Page:Cooper - Œuvres complètes, éd Gosselin, tome 23, 1845.djvu/239

La bibliothèque libre.
Sauter à la navigation Sauter à la recherche
Le texte de cette page a été corrigé et est conforme au fac-similé.


Souvent la figure de l’Aurore était complètement submergée ; l’eau entrait à grands flots sur le gaillard d’avant, puis, l’instant d’après, c’était l’arrière qui était inondé, et nous étions obligés de nous réfugier sur les montants du guindeau. Je ne m’étonne plus de la manière dont le cutter et la frégate avaient examiné notre position.
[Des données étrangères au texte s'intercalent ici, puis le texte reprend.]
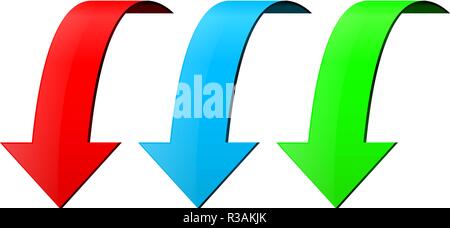 Colored DOWN arrows Stock Vector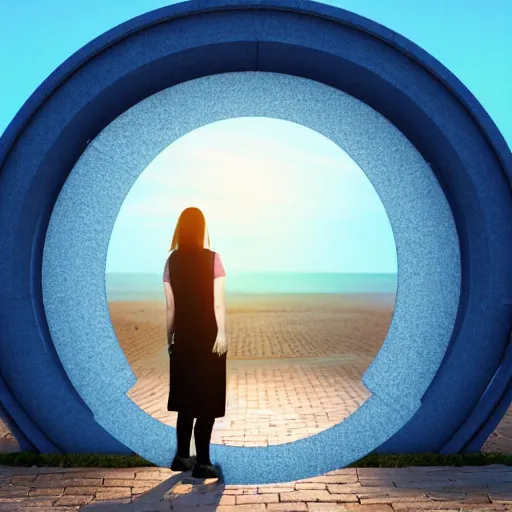 Image similar to a woman facing an portal on the street. the street leads dozen a city. the portal is oval, upright and surrounded by blue energy. the portal leads to a beach at sunset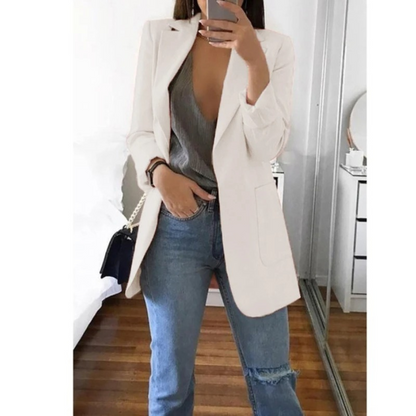 Veste Femelle Bleu Clair Détendue à Manches Longues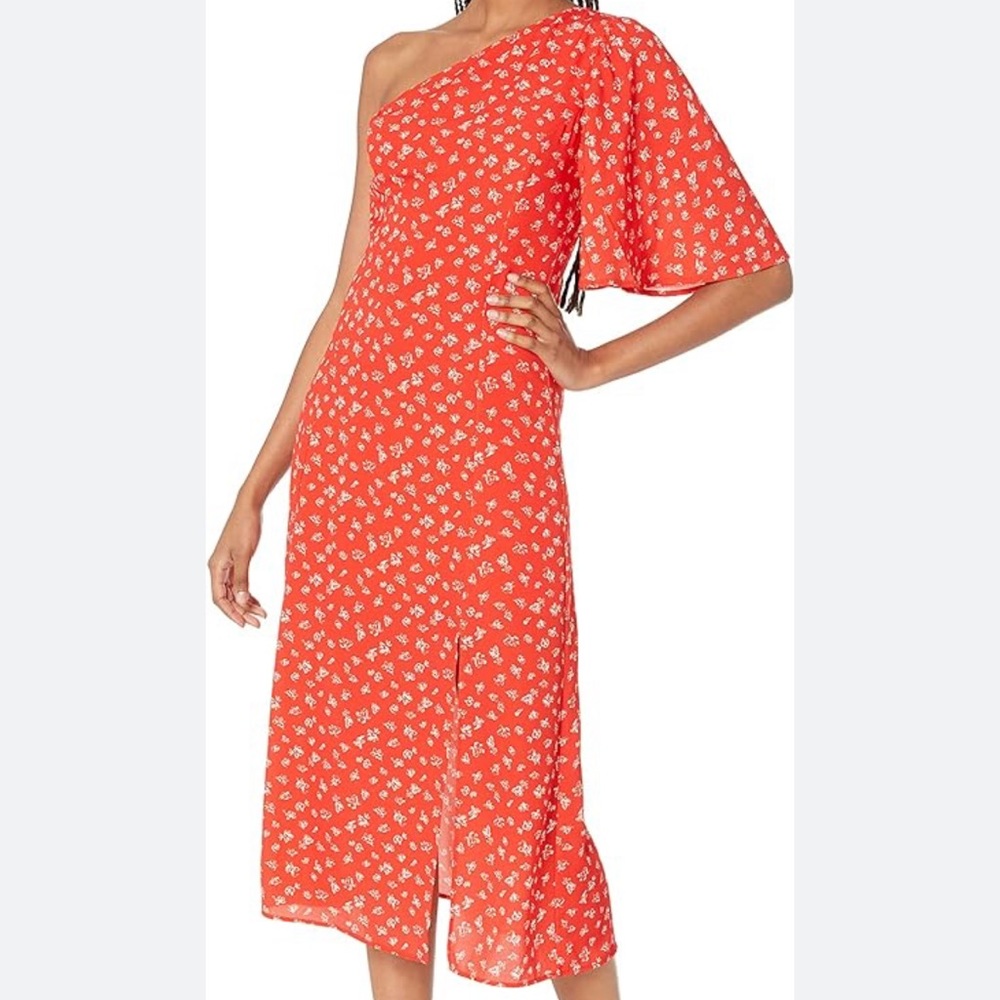 FRENCH CONNECTION one shoulder floral midi dress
Il était évident que les pêcheurs ne savaient nullement ce que c’était qu’un mouillage pour un bâtiment, et que, pour peu que nos ancres eussent pu atteindre le fond, nous n’aurions guère été plus mal au milieu du canal de Saint-George.

Vers neuf heures, j’eus avec Marbre une conférence près de la même écoute de hunier à laquelle nous nous tenions cramponnés ; et pourtant nous étions obligés de forcer la voix pour nous entendre, tant étaient aigus les sifflements du vent à travers les cordages ; on eût dit les accords d’une immense harpe éolienne, tandis que le mugissement de l’océan formait la basse de cet effrayant concert.

— Vous le voyez, Miles, me cria Marbre le premier ; l’Aurore gigote comme une baleine qui a un harpon dans le ventre. — Je crains à chaque instant que l’étrave ne nous plante là.

— Rassurez-vous à cet égard, Miles ; ce qui m’inquiète, moi, c’est le câble de notre ancre de tribord ; il est beaucoup plus tendu que l’autre, et je redoute quelque catastrophe.

— Oui, c’est généraliser sur sa force avec beaucoup de sens ; si nous mettions la barre à bâbord pour essayer de déborder un peu ?

— J’y songeais ; et grâce au flot, nous pourrons…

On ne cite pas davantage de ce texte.